Latitude, mass concentrations, and climate also messed with the half-period/metre ("seconds pendulum") definition; with increasing frequency precision, one would need an almanac, an accelerometer, and probably other tools. Additionally, stabilizing the length of the pendulum under environmental conditions was already known to be tricky, with materials science unable to produce reasonably low thermal-expansion rods prior to the 20th century.

Consequently, the seconds-pendulum/metre relationship gets in the way as one might want to go to sub-millimetre length precision for parts made in different locations or at different times of the day or year. Precision copies of a prototype was more reliable in practice.

(In practice we mostly still generate precise and accurate physical artifacts and make copies from those, it's just that there one can in principle generate such an artifact just about anywhere and anywhen, calibrating with (for example) interferometry <https://iopscience.iop.org/book/edit/978-0-7503-1578-4/chapt...>)

Finally, the Trinity Clock <https://clock.trin.cam.ac.uk/main.php?menu_option=theory> is a neat examination of a well known pendulum clock that's surprisingly accurate (if not really precise; it's been reliably accurate to within two seconds over the course of a month for a very long time, but it's not going to give you a 10MHz sine-wave, and it's not a good for disciplining an oscillator which does so). Do check out the various plots.

[bonzini]

> Latitude, mass concentrations, and climate also messed with the half-period/metre ("seconds pendulum") definition

Probably not by 15% which was the difference between the traditional second and the decimal second.

[raattgift]

Sure but using a physical pendulum as a frequency standard is unreliable; an unreliable frequency standard is a bad basis for any sort of time-of-travel definition of length.

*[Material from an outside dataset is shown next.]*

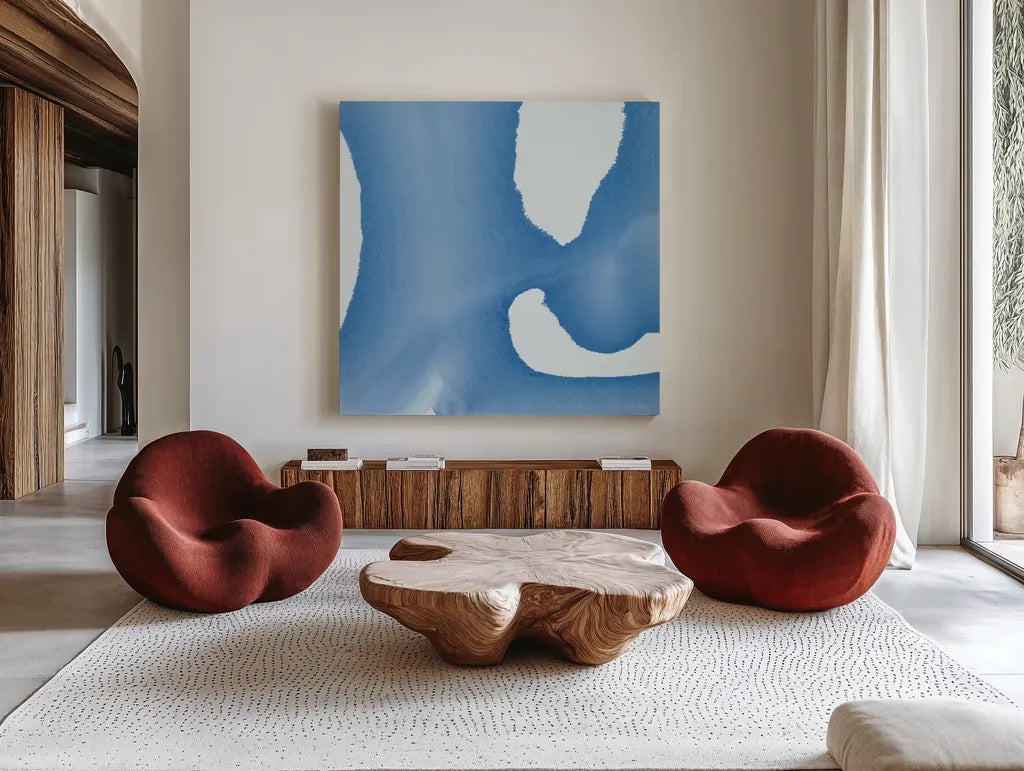 Batik Blue II by Piper Rhue. Shown as extra-large giant wall art in a modern living room. Available as an archival giclee rolled canvas, fine art paper, or poster print. SKU 32795a.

Many difficulties of using pendulum clocks (and in transporting any sort of chronometer) in real circumstances were also known before the revolution, with French clockmakers competing for the prize money in Britain's Longitude Act 1714 (13 Ann. c. 14) and the ancien regime's various prize offers in the 1740-1770s.

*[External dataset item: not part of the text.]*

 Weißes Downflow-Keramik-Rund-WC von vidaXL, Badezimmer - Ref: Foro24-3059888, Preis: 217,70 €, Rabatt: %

Prior to Harrison's marine chronometers, minimum longitude errors introduced in multi-degree changes of latitudes were indeed on the order of 10% across an oceanic part of a great circle or other more favourable route under cloudy conditions, and sufficient that in the early 18th century it was common for ships to navigate by dead reckoning along a single line of latitude -- a boon to pirates and other enemies, and also often adding many days to the travel time, in an effort to avoid the common problem (eg. HMS Centurion, 1741) of not knowing whether one was west or east of a landmark at a known latitude.

Prominent pre-revolutionary figures also disliked the idea of relying on chronometry for position/length/angle measurements generally -- most notably the excellent geometer and astronomer Pierre Bouguer (after whom the relevant <https://en.wikipedia.org/wiki/Bouguer_anomaly> is named) -- so it's not as if messing up a seconds-pendulum-based definition of a metre (and its consequences for the neat pole-to-equator 1/4 great circle length or mass of a cm^3 of water at STP, both of which now are just approximately round numbers) would have been universally outrageous.

And anyway surely one could consider a solution in which the half-period of the metre pendulum might not be exactly one decimal second. After all, at the time in practice one had to measure across many swings to obtain the effective length with reasonable precision. And Earth's rotation was known to be unstable (Richer, Newton, Maupertuis).